On my work machine, I don't use my personal iCloud account. I'm still looking
for a good solution for this setup. I often create e.g., a Gmail draft to
myself on one device then open it on the other, copy, and delete. But this is
tedious.

Pushbullet [1] used to be good for this but I don't think it's actively
maintained now.

[1]: [https://www.pushbullet.com/](https://www.pushbullet.com/)

------
slucha
Chrome has the possibility to send links between devices. Click the address
bar beside the bookmark icon and the "send this page" option comes up. Its
very handy

------
h_amg
[https://www.pushbullet.com/](https://www.pushbullet.com/) far better than
using google keep, whatsapp groups or email

------
antoineMoPa
There should be a universal copy/paste tool across devices.
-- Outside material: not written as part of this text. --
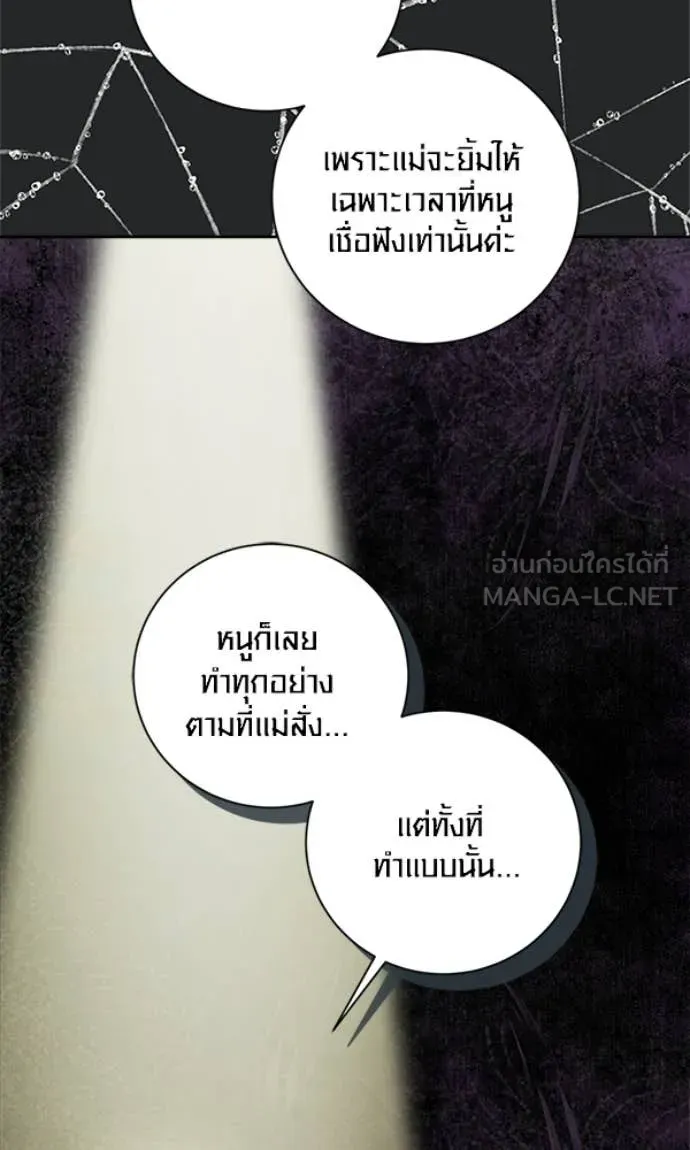 ออร่าดาราอัจฉริยะ ตอนที่ 78 รูปที่ 117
Imagine how
useful...

------
heavyheavy
Add links to Todoist on your phone and have it sync to your desktop Todoist
client.

------
cloudking
Chrome > Menu > Recent Tabs

Pulls tabs from all devices you're signed into

------
phwak
Take a look at Pushbullet.

------
raleighm
Drafts by Agile Tortoise for iOS and Mac. Syncs very well.

------
ta999999171
KDEConnct will be interesting to keep your eye on.

------
kosmodrom
You can send a message to yourself on messenger. :)

------
factorialboy
Chrome has a share to device option.

------
gesman
Google Keep

------
iDemonix
pastebin.com or similar

------
u2wger
I use Telegram messenger to share and save links between devices.